Bronchiolitis

Bronchiolitis a common viral chest infection in children under 6 months of age.

undefinedBronchiolitis often starts as snuffles or a cold and after a day or two causes the small breathing tubes (bronchioles) in the lungs to become swollen and full of mucous. This can make breathing difficult and sound wheezy.

Most cases of bronchiolitis are mild and can be treated at home. Babies or children with moderate to severe cases of bronchiolitis may need to go to hospital.

When to seek urgent medical help

Dial 111 and seek urgent medical help if your child:

  • has a bluish tinge to their lips and tongue
  • has severe difficulty breathing
  • is pale and unresponsive.

These are signs that your child is not getting enough oxygen and requires immediate medical attention. 

At any stage, if you are worried about your child, don't hesitate to seek help. For free advice anytime call Healthline: 0800 611 116.

Video explaining bronchiolitis Patient UK, 2013

Key points:

  1. Bronchiolitis is very common affecting one in three babies before the age of 12 months.
  2. The main symptoms are fast breathing, cough and wheeze.
  3. Bronchiolitis is infectious so wash hands frequently to help prevent it spreading.
  4. Most cases of bronchiolitis are mild and can be treated at home with rest and plenty of fluids. Sicker children may need supportive treatment in hospital.
  5. Bronchiolitis is caused by a virus so antibiotics will not help to cure it.

Causes

Bronchiolitis is caused by a viral infection of the bronchioles inside the lungs. 

When we breathe, air enters our lungs via the wind pipe (trachea), then goes down larger branching tubes (bronchi) and finally into the smallest tubes (the bronchioles). From the bronchioles, the air passes into tiny air sacs (alveoli) in the lung from where it enters the bloodstream. When the bronchioles are infected, they become swollen and full of mucus. This restricts airflow, making it difficult to breathe.
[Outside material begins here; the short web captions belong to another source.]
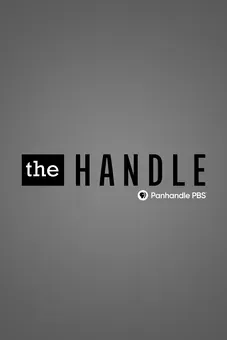 The Handle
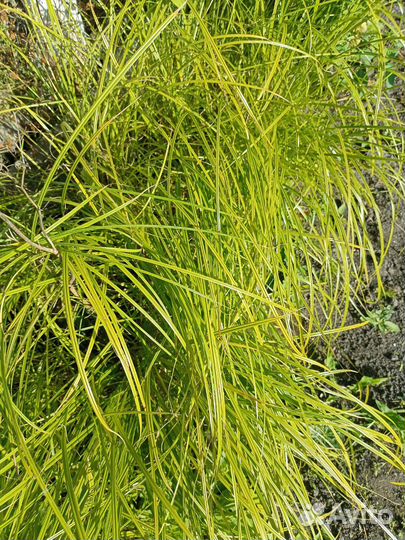 Земляной орех чуфа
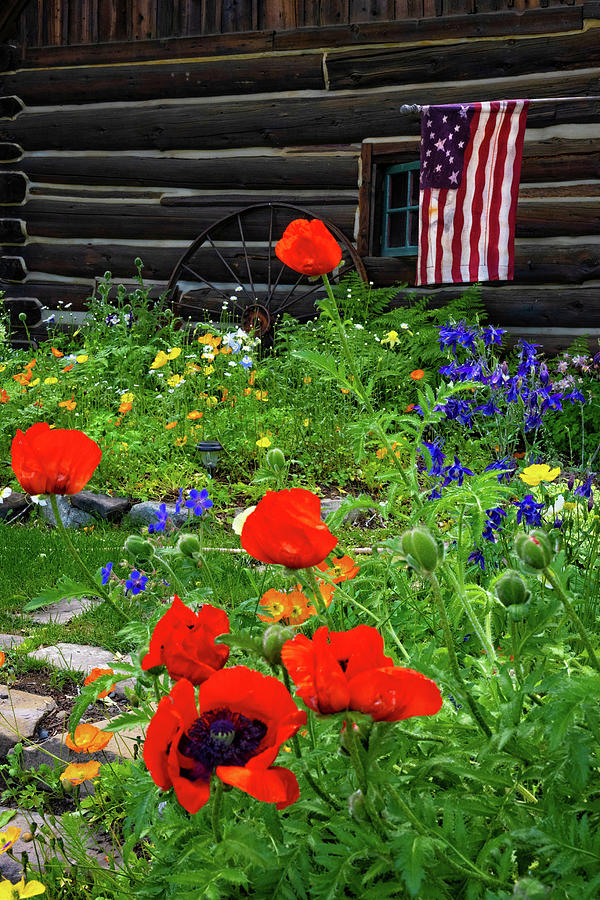 Patriotic Poppy Garden Photograph by Lynn Bauer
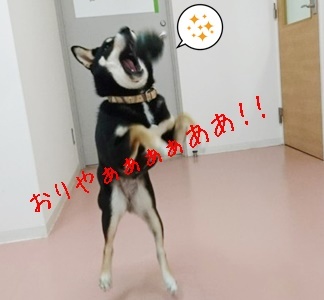 ボール大好き凛ちゃん_f0357682_20563895.jpg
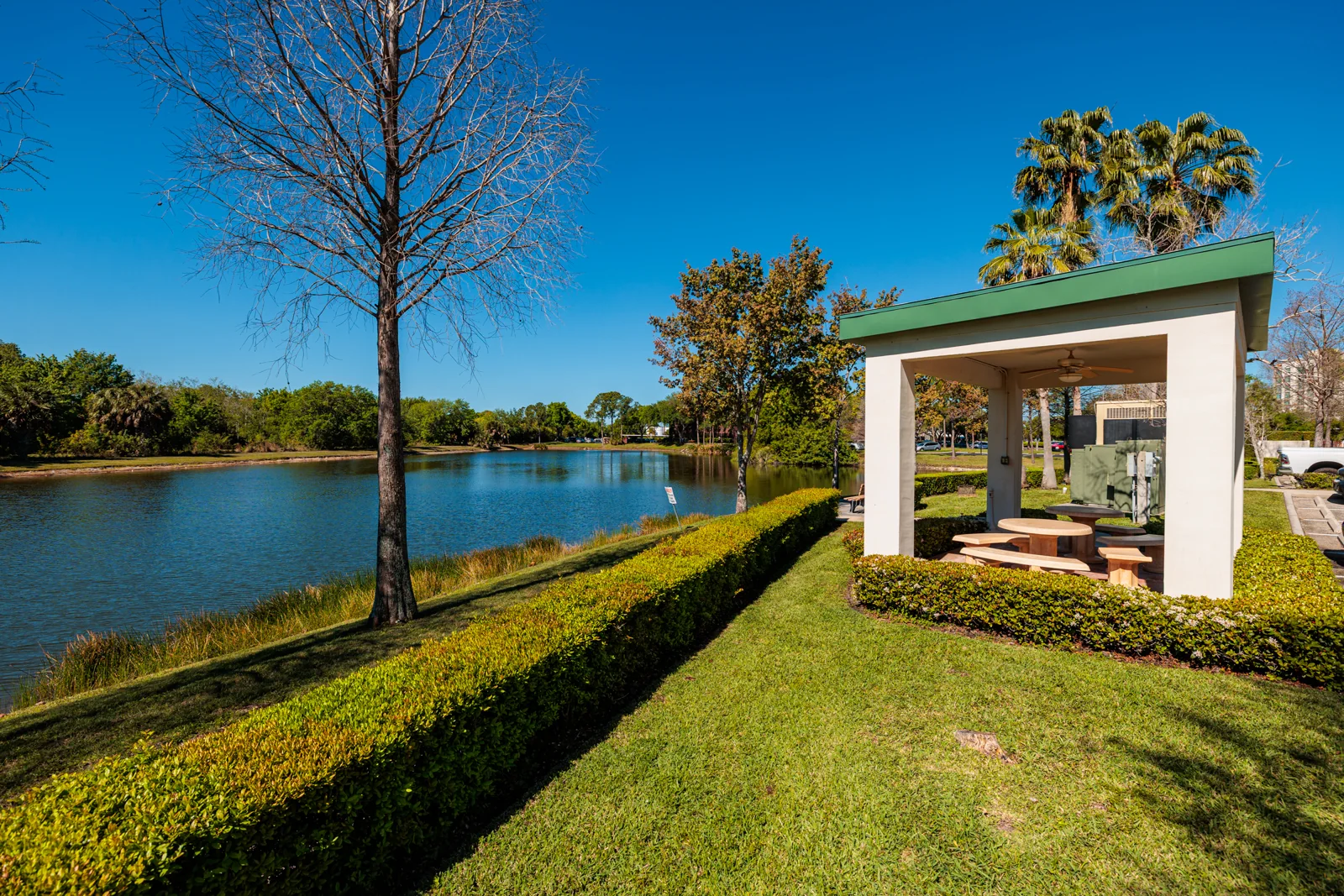 Coastal Roosevelt — Lease in St. Petersburg, FL, photo 4 of 4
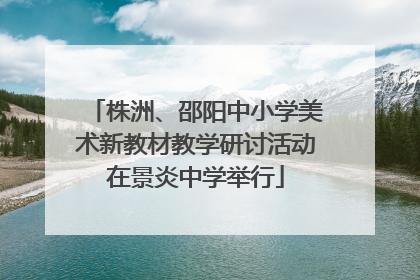 株洲、邵阳中小学美术新教材教学研讨活动在景炎中学举行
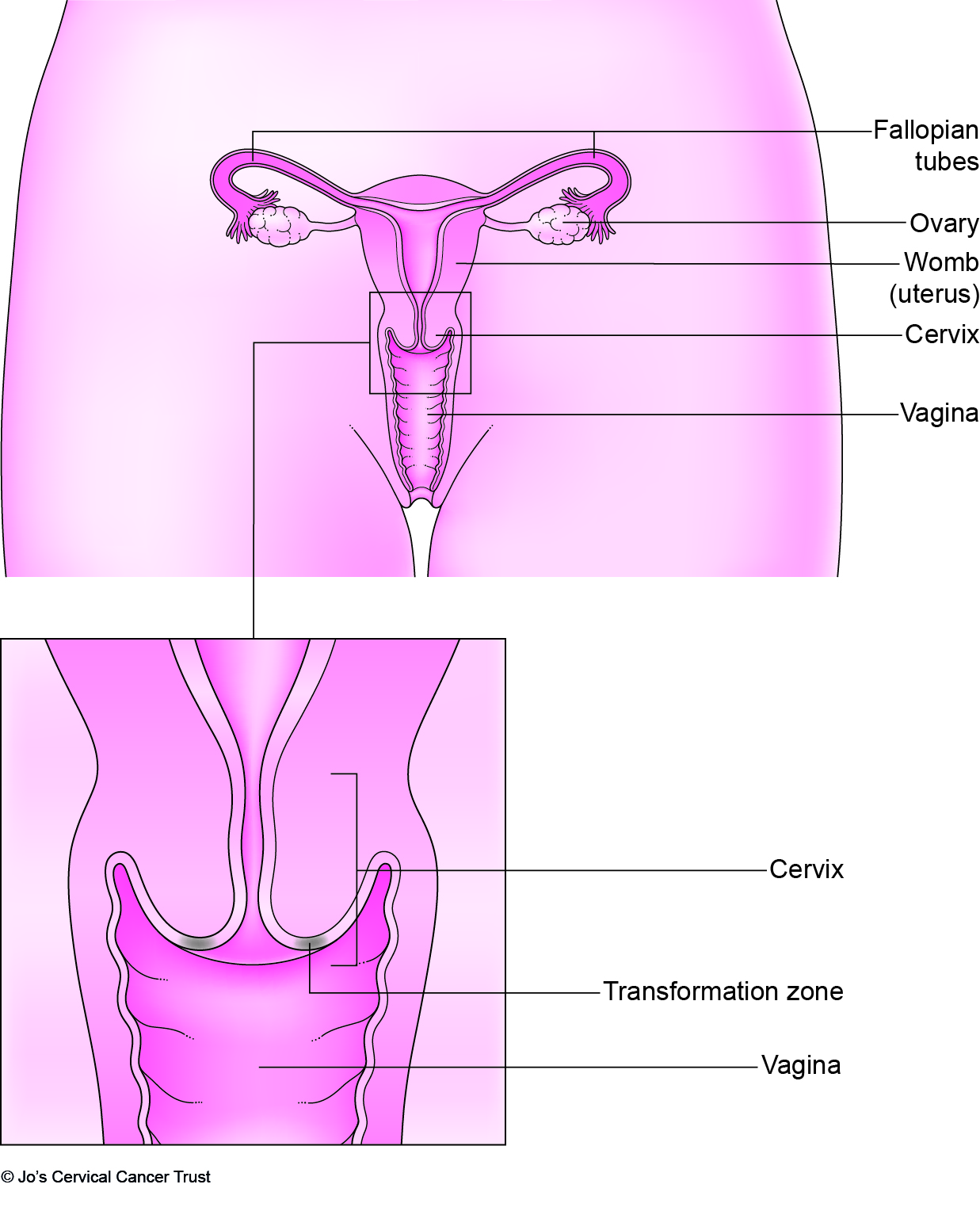 Diagram of the cervix from Jo's Trust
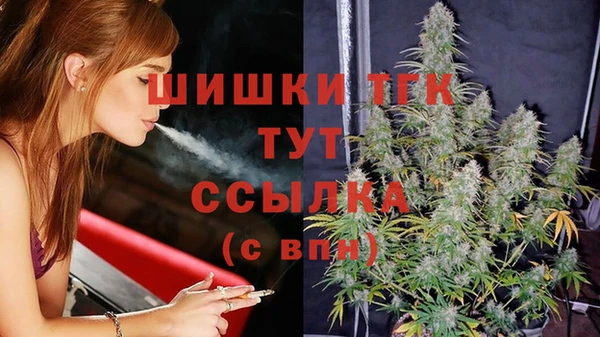 гашик Белоозёрский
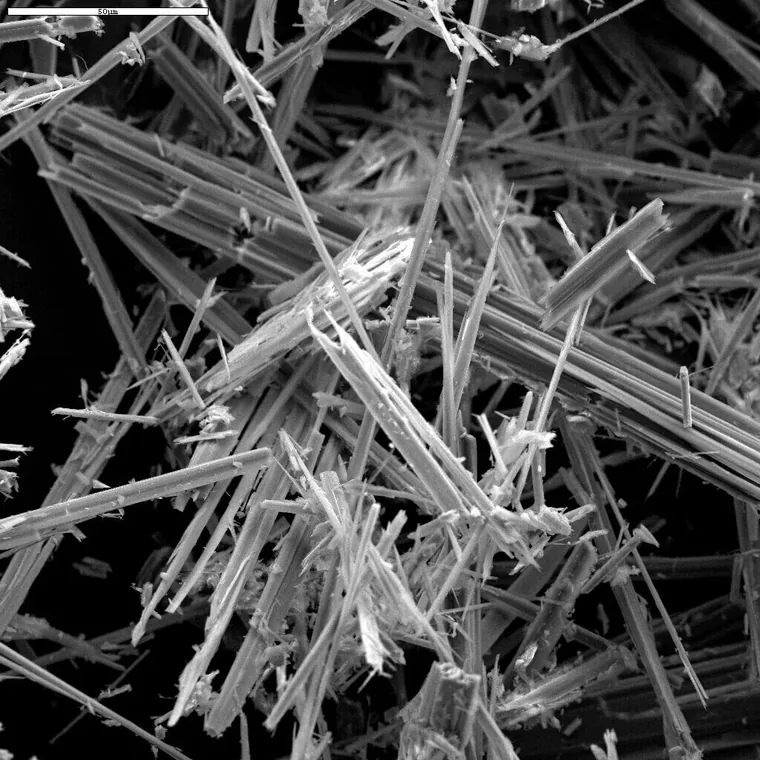 Asbestvezels onder de microscoop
Infection of the bronchioles is usually caused by a virus. There are many types of viruses that can cause the illness. The most common types are RSV (respiratory syncytial virus) and rhinovirus.

Risk factors

Bronchiolitis is a very common childhood illness. It affects one in three children under the age of 12 months – very young children between the age of three and six months are most commonly affected. Approximately three babies in 100 become very unwell and may need to go to hospital.

Certain factors increase your child's risk of getting bronchiolitis. These include:

  • being between the age of 3 and 6 months
  • exposure to cigarette smoke
  • living in crowded conditions
  • being bottle-fed rather than breast-fed
  • being in close contact with other infected children.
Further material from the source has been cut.